You may be familiar with the idea that the young are the legacy and backbone of any community, leaving the old to grow fat and retire without a care in the world. It would be nice to think that this romantic concept applies to animal populations too. However, researchers are arguing that this is just not the case. Fisheries are extremely dependent on their old, slow, but still fertile females to keep populations up.

Researchers actually call these exceptionally important fish "big, old, fat, fertile, female fish," or BOFFFFs for short. Once you get over the fact that experts are actually using such an insanely long acronym in a serious manner, you're likely to wonder, "wait, so why do they need old fish?"

According to Mark Hixon of the University of Hawai'i at Mānoa, it all comes down to something called "size and age truncation."

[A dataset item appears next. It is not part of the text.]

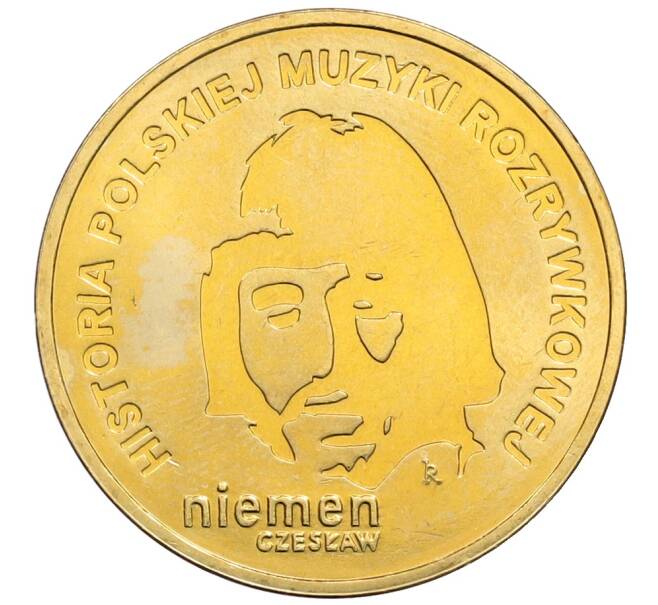 Монета 2 злотых 2009 года Польша «История польской музыки — Чеслав Немен» (Артикул: K10-9855) — Фото №1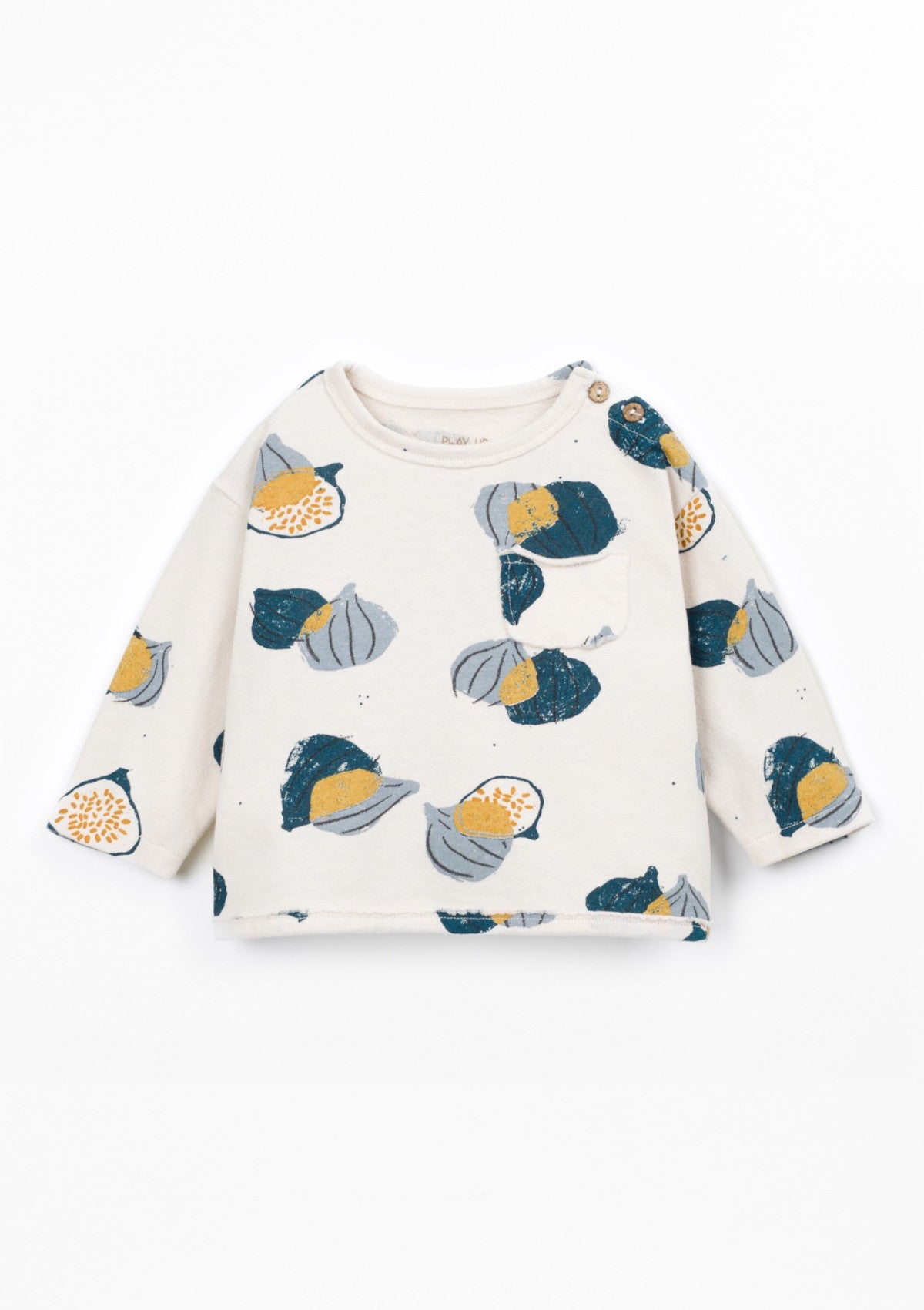 T-shirt de malha com estampado de figos - PLAYUP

"Information on many different kinds of freshwater and marine fish tell the same story," he said in a statement. "The loss of big fish decreases the productivity and stability of fishery stocks."

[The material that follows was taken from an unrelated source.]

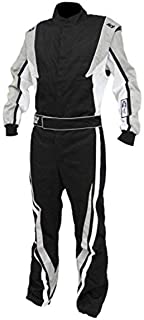 Photo 1 of K1 Race Gear 20-VIC-N-3XL SFI 3.2a/1 Victory Auto Racing Suit (Black/White/Grey, XXX-Large)
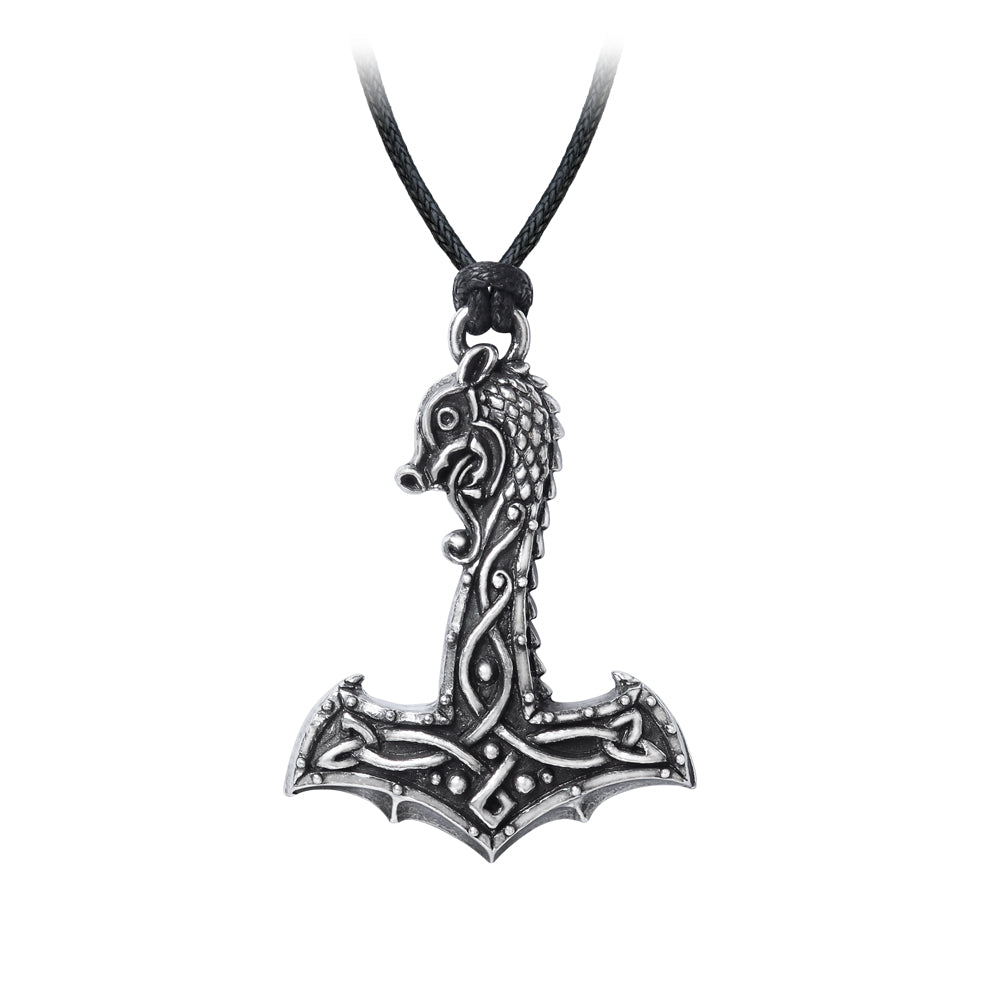 Alchemy Gothic Drakkar Hammer Pendant (P910)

According to the researcher, it has long been known that the bigger the female, the more eggs she can produce in one breeding season. For example, in Hawai'i, a 27-inch bluefish produces 84 times more eggs than one half its size. That's a massive difference in reproductive potential.

And, according to Hixon, fish don't age like humans, they just grow and grow.

Additionally, "larger fish can produce better quality eggs that hatch into young that grow and survive better than young from smaller females," he said.

Instead of youngsters being the legacy of a fishery, it's up to these less productive fish to try to find new times and places to spawn and grow into BOFFFFs themselves, added co-author Darren Johnson.

"[This] increases the odds that some young will find favorable environments in an unpredictable ocean," he explained.

These results and others were detailed in special issue of the ICES Journal of Marine Science dedicated to the memory of Johan Hjort, a Norwegian fisheries scientist who was one of the first scientists to identify some of these unusual and incredibly important factors of fish population change.